Tuesday, January 10, 2006

Creation and the Waters

According to Margaret Barker people in the first temple period understood creation as the Lord’s triumph over the waters of chaos to establish dry land. Just a couple observations here, I’m not really presenting this as any kind of finished thought. In Psalm 29:10 it says “The Lord sits enthroned over the flood…

In Girardian terms the words flood and waters can symbolize violence, mob violence and scapegoat violence. Nuechterlein describes Psalm 69 as “classic psalm of the scapegoat crying out for help”. Particularly of note for our purposes “I have come into deep waters, and the flood sweeps over me…More in number than the hairs of my head are those who hate me without cause; many are those who would destroy me…”. In mythology the image of waters and floods can be a symbol for human violence.

To finish up, Barker notes that “Jerusalem and its temple, the center of the whole creation, had been established as dry land in the midst of the watery chaos.” She recounts an interesting story from the Babylonian Talmud. According to the story, as she retells it, “waters under Jerusalem were a threat which King David averted by throwing into the waters a potsherd inscribed with the Name.” A potsherd is a piece of broken pottery. I’m seeing images of virgins being thrown into volcanoes here. So taken literally this is a piece of broken pottery with the ineffable Name of the Lord written on it thrown into the deep to push back the waters. Psalm 31:12 mentions broken pottery. Also Psalm 22:15. Apparently the waters subsided 16,000 cubits, and the city was left without a water supply, so King David sang the fifteen Songs of Ascent and brought them back up to 15,000 cubits.

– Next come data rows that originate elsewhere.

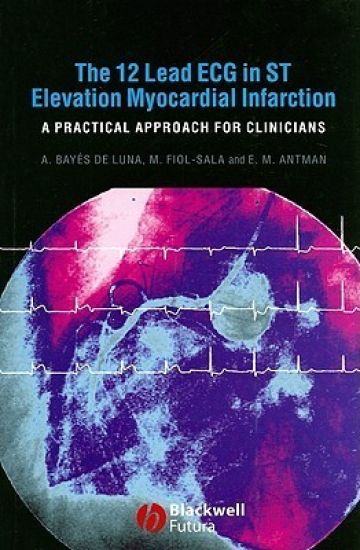 The 12 Lead ECG in ST Elevation Myocardial Infarction
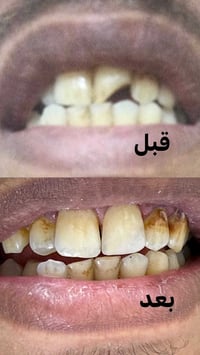 حالات اليوم مو اعادة بناء سن وإنما اعادة ابتسام ثقة وراحة للمريض
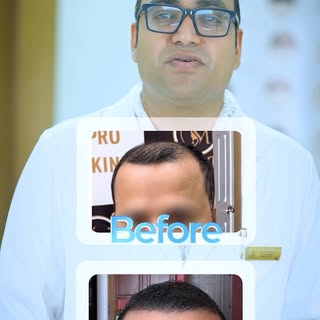 Everything you wanted to know about hair transplants 👨‍⚕️
We sat down with Dr. Mohan answer your to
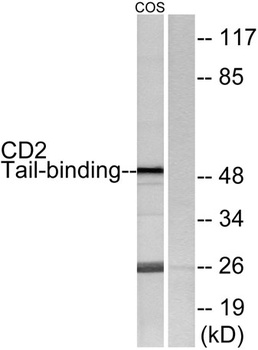 CD2BP2 rabbit pAb Antibody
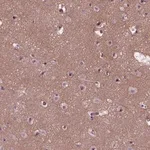 Merck Anti-RUNX1T1 antibody produced in rabbit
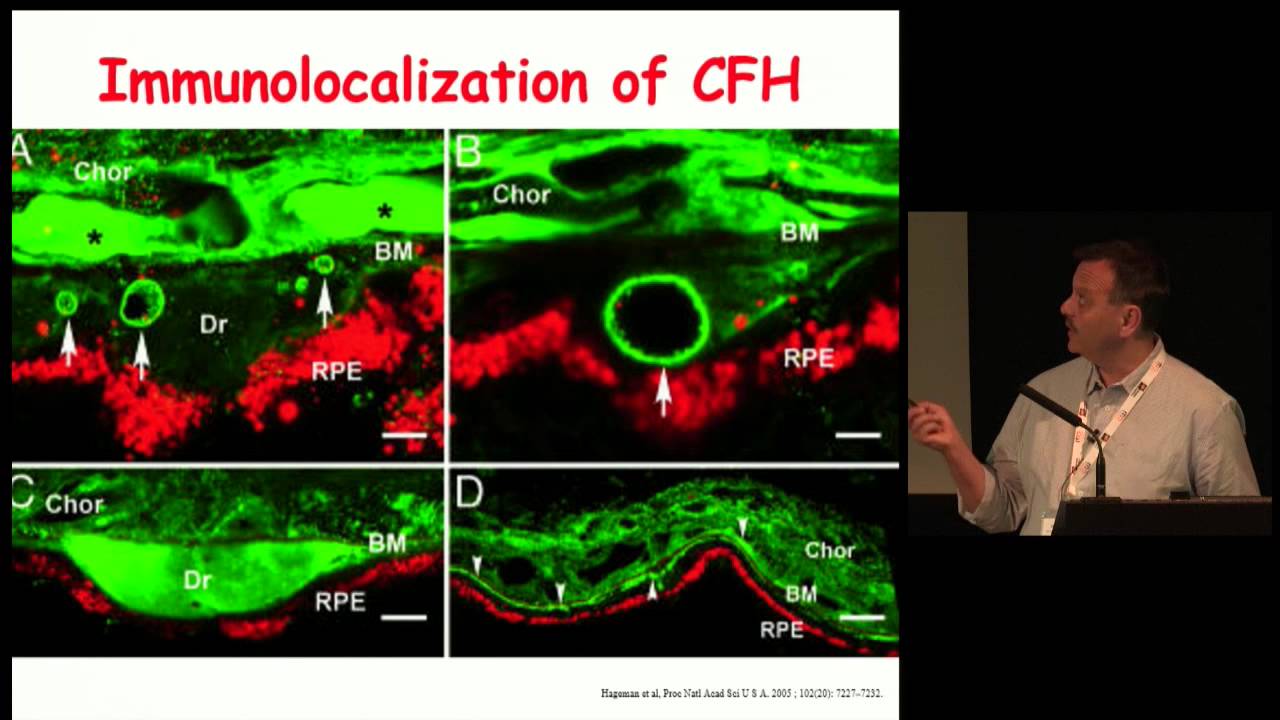 YouTube video thumbnail for: Lecture at Macular Carotenoids Conference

Barker notes that the idea of these “cosmic waters” subdued by the Name underneath the city reappeared in the Book of Revelation as the great harlot seated on many waters. In Revelation 17:15 it says “the waters that you saw, where the harlot is seated, are peoples and multitudes and nations and tongues.”

I don’t have the time for extended analysis on most of this stuff. As the wall on the Walker Art Center says, “bits and pieces put together to present a semblance of a whole.”